This same dynamic is no less true of Ukraine - a crisis which from the get-go has been intricately intertwined with the one in the Middle East.

There can now be little doubt that the unusually aggressive US effort to topple the democratically elected pro-Russian regime of Viktor Yanukovych in late 2013 - even despite its slide into police-state repression - was a direct consequence of the Washington establishment's desire for revenge against Moscow for one-upping it on the Syrian chemical weapons issue, which had thrown US-Saudi designs in the Levant haywire. When this new intervention, which offended Russian interests far more directly, predictably backfired, too, Obama was caught off guard yet again: it was as though he sleepwalked right into the bear's claws because he let the neocon war party operate his defense and foreign policy apparatus on virtual autopilot with regards to the ex-Soviet space.

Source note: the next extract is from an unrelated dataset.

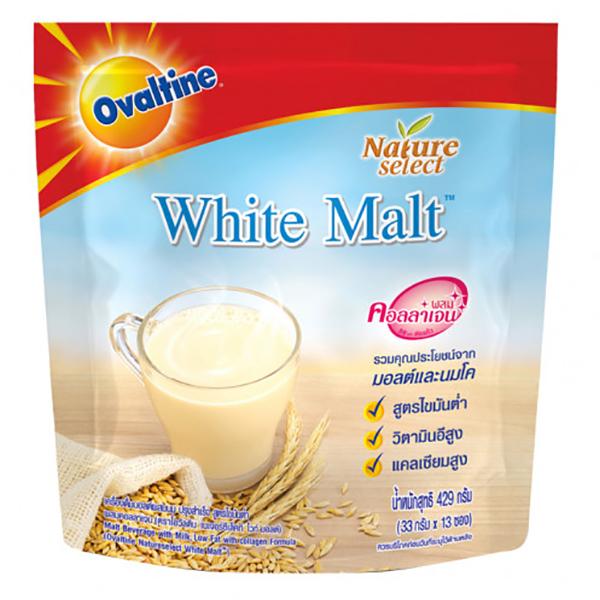 OVALTINE NATURE SELET WHITEC MALT 429G [33GX13S] HALAL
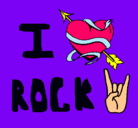 Dibujo I love rock pintado por Cinta101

Unsurprisingly, given how little stomach the American public has for expending blood or even treasure on places they can't even find on a map, Ukraine like Syria became another halfhearted interventionist quagmire for the White House in 2014, as the Kremlin punished American insolence in its frontyard by annexing Crimea and then taking a bite of eastern Ukraine proper.

The two Minsk accords - the first in September 2014 and the second in February 2015 - have thus far held a tenuous overall truce despite chronic spikes of violence between Russian-backed separatists and Ukrainian forces in the eastern Donbas region, on top of the occasional flareup of tensions around Crimea and over ethnic Russian strongholds like Odessa and the neighboring Russian-Moldovan enclave of Transnistria. But this uneasy draw may now be drawing to a close.

Having thoroughly - though hardly surprisingly - disappointed its Western sponsors with its essentially unreformed corrupt patronage system, the "pro-Europe" post-Maidan government in Kiev is standing on its last legs of legitimacy with both its own people and its foreign backers. Ukrainian president Petro Poroshenko has now unilaterally essentially withdrawn from Minsk II by demanding that Russia relinquish control of the Donbas border even before any political concession is made with regards to the separatists' autonomy in a new federation. This follows a sharp increase in daily violence along the Ukrainian-separatist front lines that has held up all summer.

Yet more activity involving "ceasefires" or "truces" and international "monitors" is being reported with every passing week, and although Russia and Ukraine have thankfully moved back from the brink yet again after the latter's alleged sabotage incursion into Crimea last month, the overarching geopolitical situation which underpins the localized violence has only worsened, especially from Kiev's perspective.

The way things are going, by 2018 or 2019 at the latest, without an implementation of Minsk II, the breakaway Donbas People's Republic (DPR) will de facto have either set up a completely independent full-fledged government recognized by the Kremlin, or worse, Moscow will have finally said "to hell with you" to Kiev and annexed the region outright.

Poroshenko and Putin alike both see that the West's resolve in upholding its sanctions against Russia over the Ukraine conflict is fraying at the seams, despite yet another renewal this summer; the true storm cloud which is gathering over the former, however, is that the clock is ticking on his powerful Western and American political support.

Should Donald Trump win the US presidency, it would embolden already-surging populists in France, Germany, and Italy in their 2017 and 2018 elections - and this on top of Brexit. Like Trump, these continental European neo-nationalists in particular are strongly opposed to the whole confrontation with Moscow, and in fact the Kremlin has for years cultivated ties with them to blunt Anglo-American leverage over the EU that's largely behind the anti-Russian tilt of the bloc.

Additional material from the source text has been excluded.